Current-Users archive
[Date Prev][Date Next][Thread Prev][Thread Next][Date Index][Thread Index][Old Index]
iscsi-target core dumps
Hi,
I've been having some problems with iscsi-target on -current recently.
This is an old dual PIII/500Mhz system with 512 MB memory which I
could not make better use than as a iSCSI target; it has been doing
this for quite some time, I guess since some 4.99.50 or similar,
without any problems. Recently I installed a poor-man's gigabit
network in my test lab using:
re0 at pci0 dev 18 function 0: US Robotics (3Com) USR997902 Gigabit
Ethernet (rev. 0x10)
re0: interrupting at ioapic0 pin 18
re0: Ethernet address 00:14:c1:4c:3a:f4
re0: using 256 tx descriptors
rgephy0 at re0 phy 7: RTL8169S/8110S/8211 1000BASE-T media interface, rev. 0
Was it that the version installed at the time did not recognize the
card, or I just wanted to see how is -current with iSCSI target, I
don't remember; anyway, I switched to 5.99.XX, at present 5.99.21. My
targets file is as follows:
# extent file or device start length
extent0 /dev/wd0d 0 78533MB
extent1 /dev/wd1d 0 78533MB
extent2 /dev/sd1d 0 8676MB
# target flags storage netmask
target0=wd0 rw extent0 0.0.0.0/0
target1=wd1 rw extent1 0.0.0.0/0
target2=sd1 rw extent2 0.0.0.0/0
so it is exposing only three physical disk drives. The initiator is
Windows 2008 R2 server.
I am getting regular core dumps like the following:
This GDB was configured as "i386--netbsdelf"...(no debugging symbols found)

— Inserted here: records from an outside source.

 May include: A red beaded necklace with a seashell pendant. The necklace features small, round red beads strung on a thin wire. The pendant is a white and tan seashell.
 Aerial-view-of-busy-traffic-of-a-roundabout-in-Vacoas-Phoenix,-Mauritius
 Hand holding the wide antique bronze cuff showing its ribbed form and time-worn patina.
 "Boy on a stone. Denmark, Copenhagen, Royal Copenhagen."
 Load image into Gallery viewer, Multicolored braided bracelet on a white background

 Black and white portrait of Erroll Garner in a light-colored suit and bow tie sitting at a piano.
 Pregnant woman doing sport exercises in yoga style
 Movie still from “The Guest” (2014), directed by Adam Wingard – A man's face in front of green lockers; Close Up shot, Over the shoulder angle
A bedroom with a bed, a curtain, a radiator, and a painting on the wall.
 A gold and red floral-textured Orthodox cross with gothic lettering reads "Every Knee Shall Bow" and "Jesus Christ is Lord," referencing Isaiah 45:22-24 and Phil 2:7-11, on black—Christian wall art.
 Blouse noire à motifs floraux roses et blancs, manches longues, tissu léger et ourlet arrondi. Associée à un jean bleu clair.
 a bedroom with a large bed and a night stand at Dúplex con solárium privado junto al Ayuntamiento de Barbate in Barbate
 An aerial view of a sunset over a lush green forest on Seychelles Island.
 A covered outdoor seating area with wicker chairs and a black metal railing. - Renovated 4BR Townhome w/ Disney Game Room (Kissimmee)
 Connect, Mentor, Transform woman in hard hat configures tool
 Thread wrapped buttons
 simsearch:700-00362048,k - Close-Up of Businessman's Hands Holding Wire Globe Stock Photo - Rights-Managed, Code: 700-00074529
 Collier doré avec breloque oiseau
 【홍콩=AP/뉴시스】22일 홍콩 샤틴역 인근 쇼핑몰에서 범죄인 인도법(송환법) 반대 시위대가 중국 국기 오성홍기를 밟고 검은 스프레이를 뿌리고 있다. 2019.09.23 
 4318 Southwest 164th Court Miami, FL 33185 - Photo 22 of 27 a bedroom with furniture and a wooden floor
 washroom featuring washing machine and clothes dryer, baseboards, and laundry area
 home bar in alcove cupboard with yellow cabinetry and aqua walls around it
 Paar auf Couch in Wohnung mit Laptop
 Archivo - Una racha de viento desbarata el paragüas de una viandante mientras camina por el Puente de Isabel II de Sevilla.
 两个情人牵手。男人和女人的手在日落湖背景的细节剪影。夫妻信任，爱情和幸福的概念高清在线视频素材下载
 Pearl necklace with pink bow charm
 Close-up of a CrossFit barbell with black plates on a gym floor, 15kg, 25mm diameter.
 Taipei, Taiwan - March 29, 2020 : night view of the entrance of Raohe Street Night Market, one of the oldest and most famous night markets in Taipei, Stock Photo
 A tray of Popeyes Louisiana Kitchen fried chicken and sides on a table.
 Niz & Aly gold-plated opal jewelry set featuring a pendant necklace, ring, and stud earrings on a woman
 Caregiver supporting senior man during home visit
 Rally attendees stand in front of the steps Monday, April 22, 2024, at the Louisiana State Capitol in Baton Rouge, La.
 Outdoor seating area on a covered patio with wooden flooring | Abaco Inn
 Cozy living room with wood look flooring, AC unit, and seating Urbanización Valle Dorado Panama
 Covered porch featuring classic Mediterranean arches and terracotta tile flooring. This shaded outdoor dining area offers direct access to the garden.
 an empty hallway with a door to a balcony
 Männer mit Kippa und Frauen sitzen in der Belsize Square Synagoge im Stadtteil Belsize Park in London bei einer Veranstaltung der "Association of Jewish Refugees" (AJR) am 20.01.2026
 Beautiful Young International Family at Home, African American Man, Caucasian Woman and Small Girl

Reading symbols from /usr/lib/libiscsi.so.2...(no debugging symbols
found)...done.
Loaded symbols for /usr/lib/libiscsi.so.2
Reading symbols from /usr/lib/libpthread.so.1...(no debugging symbols
found)...done.
Loaded symbols for /usr/lib/libpthread.so.1
Reading symbols from /usr/lib/libc.so.12...
(no debugging symbols found)...done.
Loaded symbols for /usr/lib/libc.so.12
Reading symbols from /usr/libexec/ld.elf_so...(no debugging symbols
found)...done.
Loaded symbols for /usr/libexec/ld.elf_so
Core was generated by `iscsi-target'.
Program terminated with signal 11, Segmentation fault.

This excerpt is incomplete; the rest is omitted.